WORK TO COMPLETE - Copy exactly the lines of the data below that run from the line holding "Кристина Гаспарян, 31.10, Москва" through the line holding "Funko Pop! Disney: Lilo", both ends included.
━━ RECORDS ━━
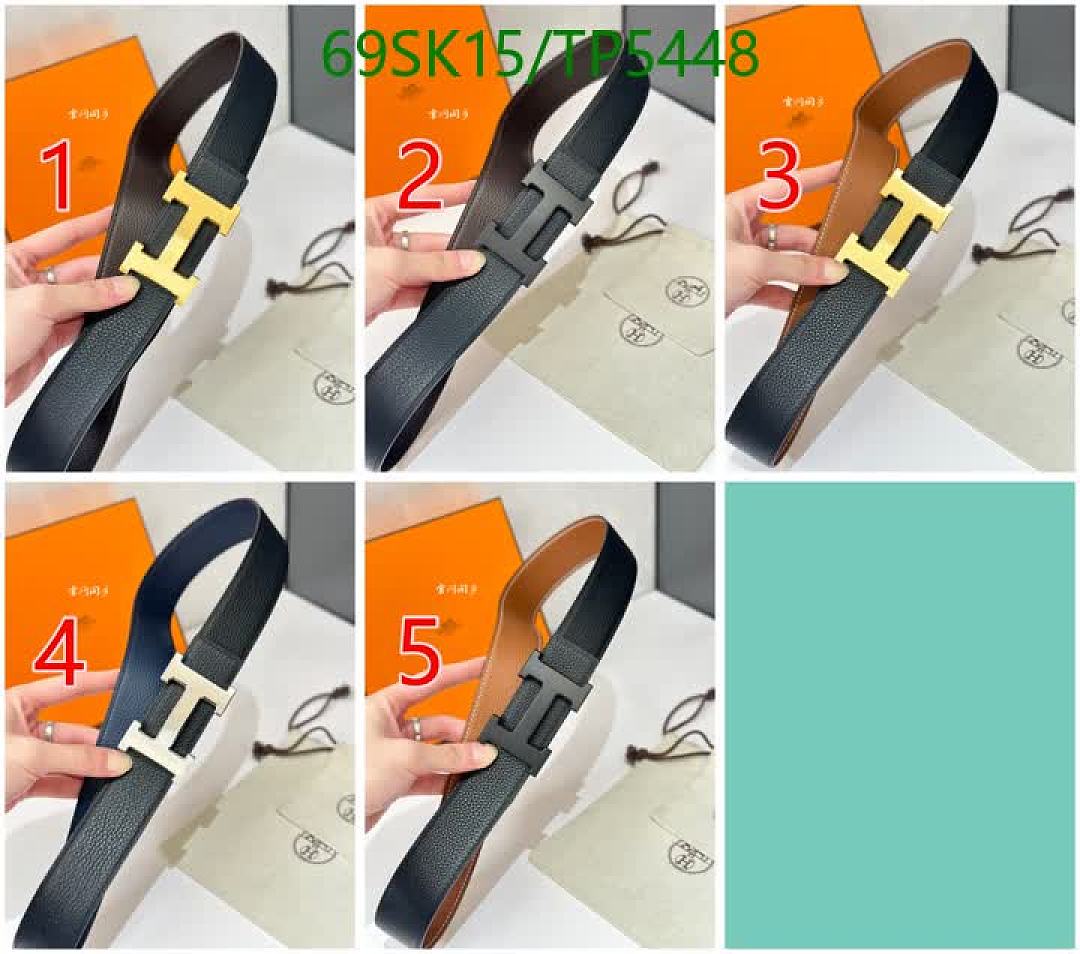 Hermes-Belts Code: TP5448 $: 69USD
━━━
━━ RECORDS ━━
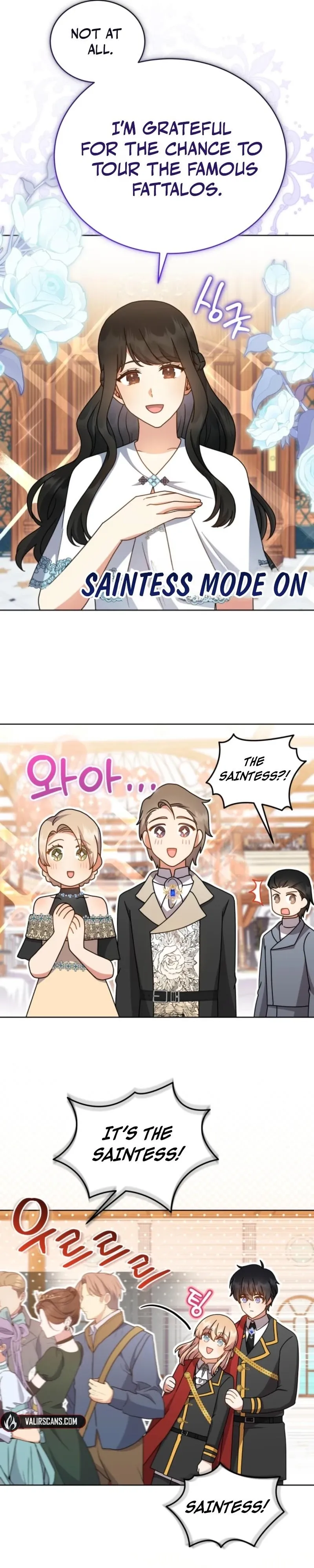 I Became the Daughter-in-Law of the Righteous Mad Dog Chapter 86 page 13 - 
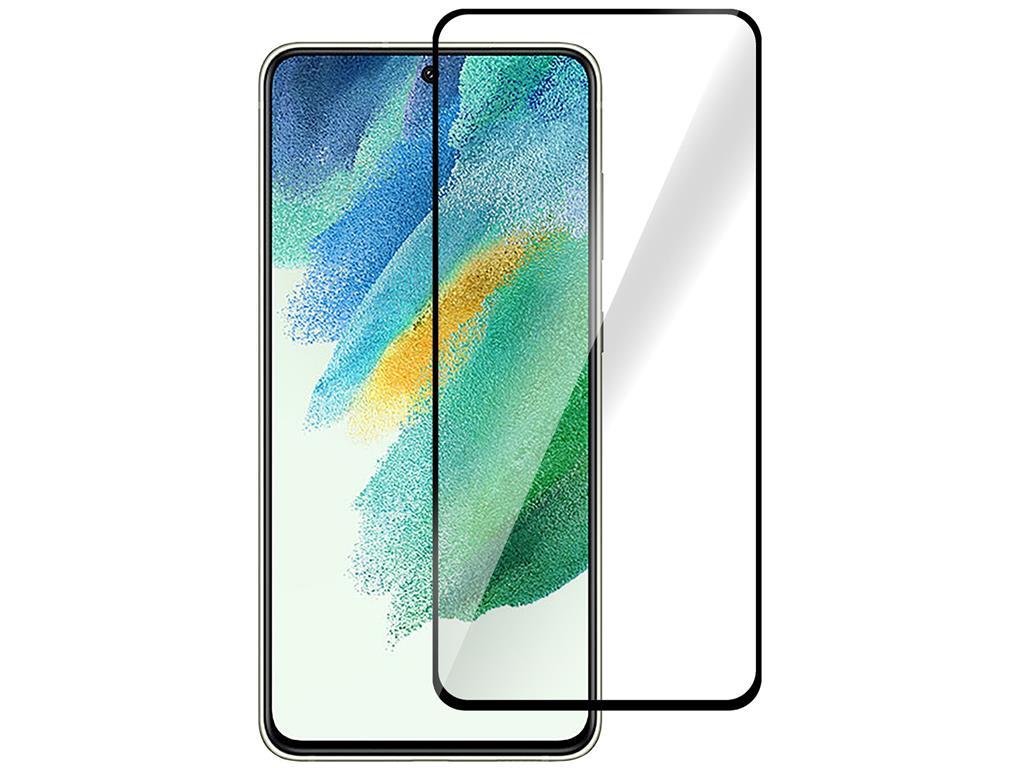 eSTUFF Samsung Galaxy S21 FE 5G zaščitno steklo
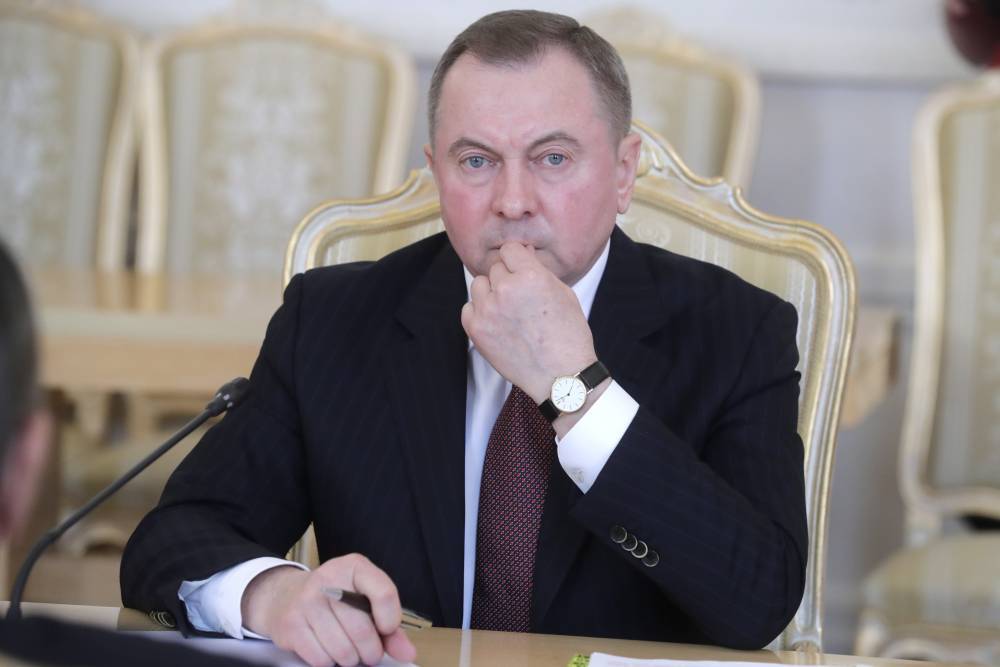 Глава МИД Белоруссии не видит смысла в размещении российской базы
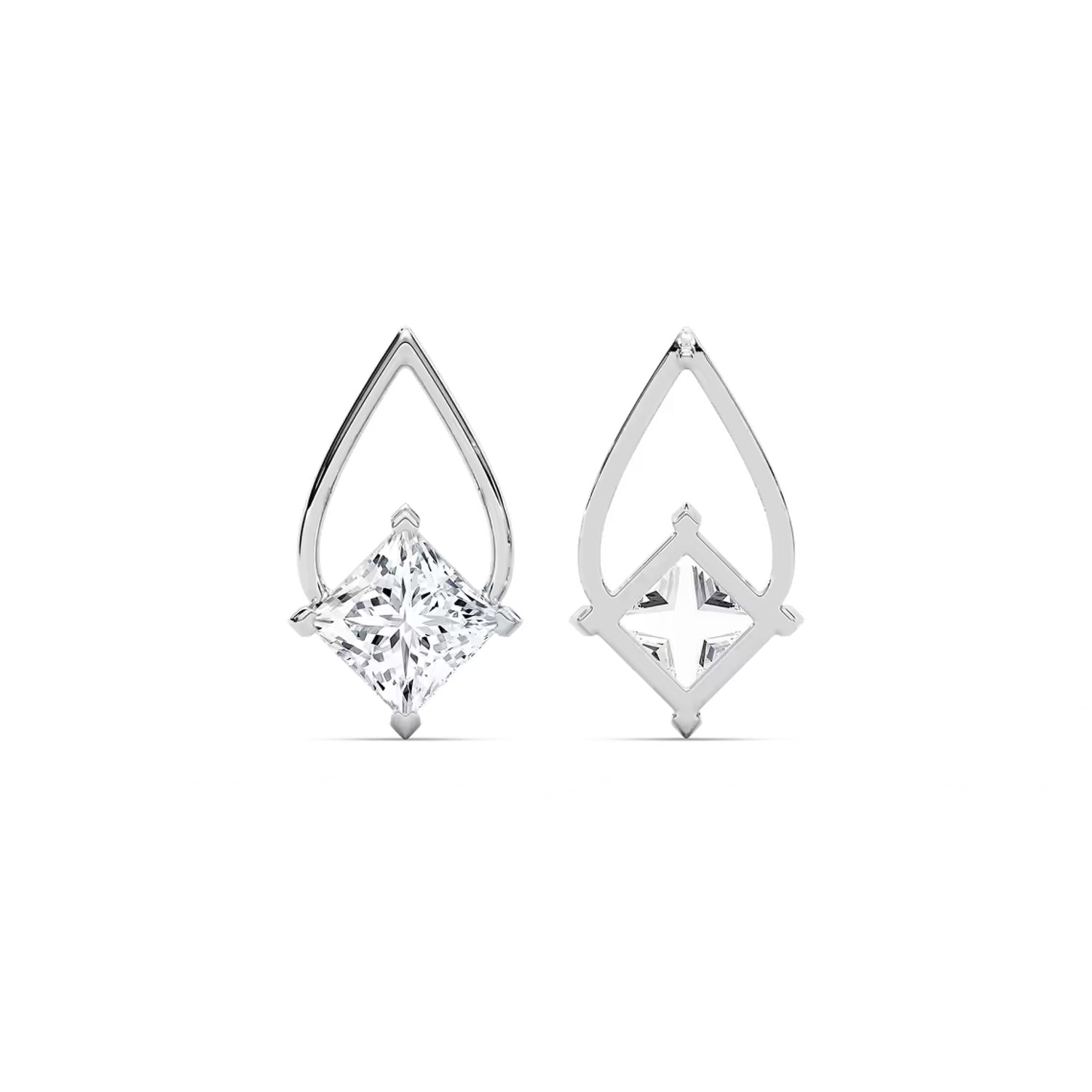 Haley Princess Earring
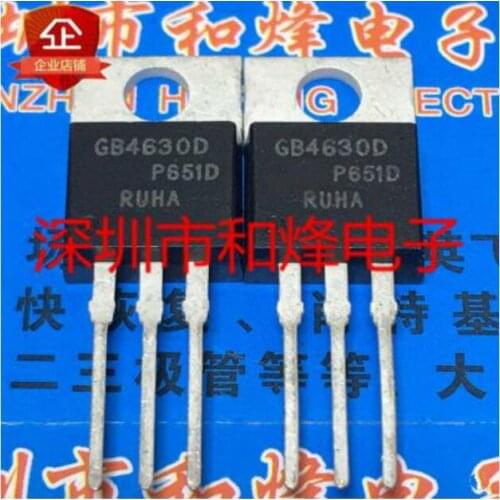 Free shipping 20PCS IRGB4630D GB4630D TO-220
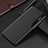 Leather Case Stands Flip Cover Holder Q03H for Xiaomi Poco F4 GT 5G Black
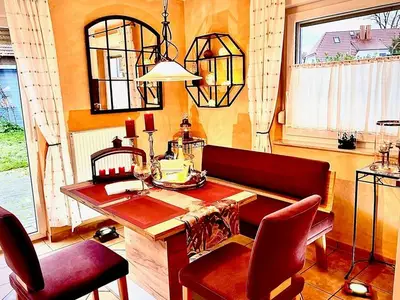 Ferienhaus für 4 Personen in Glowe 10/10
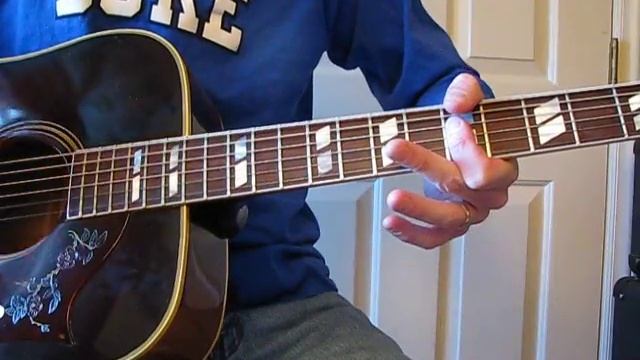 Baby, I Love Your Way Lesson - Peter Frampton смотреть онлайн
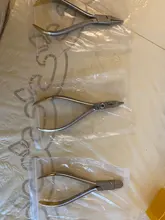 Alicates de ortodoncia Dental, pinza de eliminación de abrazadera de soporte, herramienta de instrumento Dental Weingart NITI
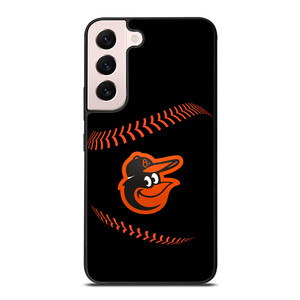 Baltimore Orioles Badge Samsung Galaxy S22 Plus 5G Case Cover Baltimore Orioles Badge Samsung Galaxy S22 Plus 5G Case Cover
━━━
━━ RECORDS ━━
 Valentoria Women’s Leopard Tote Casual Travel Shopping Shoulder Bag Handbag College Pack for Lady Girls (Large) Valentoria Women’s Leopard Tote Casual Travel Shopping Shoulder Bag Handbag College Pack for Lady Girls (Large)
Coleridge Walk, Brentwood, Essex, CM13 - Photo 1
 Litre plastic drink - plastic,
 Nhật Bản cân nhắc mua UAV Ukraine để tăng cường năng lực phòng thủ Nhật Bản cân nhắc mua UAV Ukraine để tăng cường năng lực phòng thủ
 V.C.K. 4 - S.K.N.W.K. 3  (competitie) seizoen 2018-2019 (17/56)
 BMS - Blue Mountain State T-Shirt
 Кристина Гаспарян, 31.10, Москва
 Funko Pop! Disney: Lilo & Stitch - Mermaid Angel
━━━
WRITTEN ANSWER -
 Кристина Гаспарян, 31.10, Москва
 Funko Pop! Disney: Lilo & Stitch - Mermaid Angel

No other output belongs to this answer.